I am not a computer whiz.  I am a teacher and a writer and a lover of fine things and fine men.  (See that, dear hubby?)  I have spent years "making do" and getting along .............and that is what this blog is going to be about: How to Get Along on the Proverbial Shoestring, and/or Get By, By the Seat of Your Pants............because I have had so many friends who have learned something from me about this, I have decided to share the wealth and broadcast the how-to knowledge with whomever chooses to "learn."  That's you, apparently!

Let me tell you that I raised three kids, and they never went naked or hungry.  I've been married twice, owned four houses, four dogs, several cars, and have lots of wonderful friends, and the world's best husband: (all my friends would kill to have him............) I have taught language arts for the past eleven years, sold jewelry at in-home parties, worked at the mall, substituted, taught 4th grade, and done it all with a smile on my face.  And if you bought that last phrase, then I need to put some ads on this blog.

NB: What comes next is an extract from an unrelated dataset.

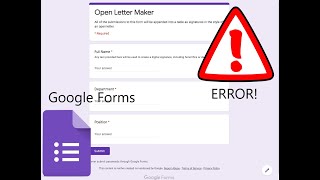 FIX Google Form issue resolved  Uploading problem  Submit error  low on memory [upl. by Gaudette]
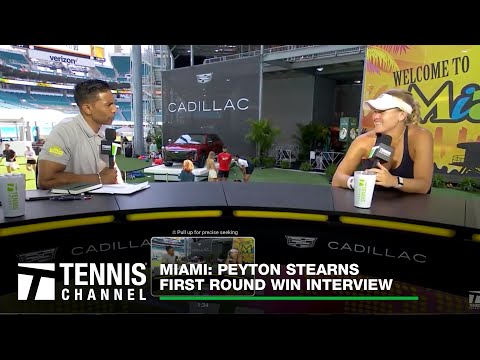 Peyton Stearns Recounts Nightmares After Sabalenka Loss; Miami 1R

I am a fairly "normal" person.  No, I take that back. I know I am not "normal," never have been, never will be.  I think too much, do too much, talk too much, and according to my husband, (whom I shall call R, to save him from embarrassment,) I ask wayyyyyyy too many questions:  sometimes as many as three in a row without an answer for the first one.  No, I am NOT normal, which is why I am writing this blog. Who wants to read something written by "Normal?"  (I have read plenty written by "Abnormal," and I am not in love with most of that, either........I am sort of somewhere leaning towards normal, I guess. (In my dreams.)

I am exceptional.  (smile)  I am feeling my abundance, and I want to share it with the world.  I do things right. (smile)  I do my best, try my best, and even when it all doesn't turn out the way I want it to, I have given it my all.  It's called GUSTO. R calls it "passion." (God, I love that word when HE says it.)

So here's "post one".........and I promise that I will be writing about issues, ideas, fun, food, work, play, people, shopping, relationships, and all things that concern us at one time or another........(it may not concern YOU, but it concerns ME, and for that reason I feel the need to write about it.)  I will share what I know about EVERYTHING.  And I know a little bit about "everything," so get ready!

A friend told me that my writing reminds her of Owen Meany, a character in John Irving's fabulous book, A Prayer for Owen Meany, (which just happens to be one of my most favorite books,) because I write with LOTS of capital letters AND lots of parentheses.  I want my writing to READ the way I WROTE it..........so if it's in capitals, scream it in your head when you read it. If it's in parentheses,  say it softly, as an "aside," (that theatrical thing you learned about when you were forced to read Shakespeare back in high school...."aside,"........to the side.)  That way there is NO doubt (however small) about the meaning of what I am writing. (Incidentally, I love seeing a good Shakespearean play: Just so we understand each other.)

I suppose that the first readers of this new blog will be people to whom I am close enough to admit that I actually thought I have things worth telling the world.  Then I might branch out to the "public."  If you are "the public," HI!  (and if you're an old friend, just smile and think to yourself, "There she goes again," and try to keep on loving me, if you do. (and if you just tolerate me, just tolerate me some more, please.)

I am going on a two-day trip with my 31 year old daughter, M, tomorrow. (Consider it a fact-finding mission.) I will tell you about it when I get back........or not, depending on how it goes. 

Until then:  Today's calendar page from my Louise Hay tear-off-a-page-a-day calendar told me that "I am a powerful person because I choose to live in the present moment."   She's right.  I am living in the present moment.  The "powerful" part I am still working on!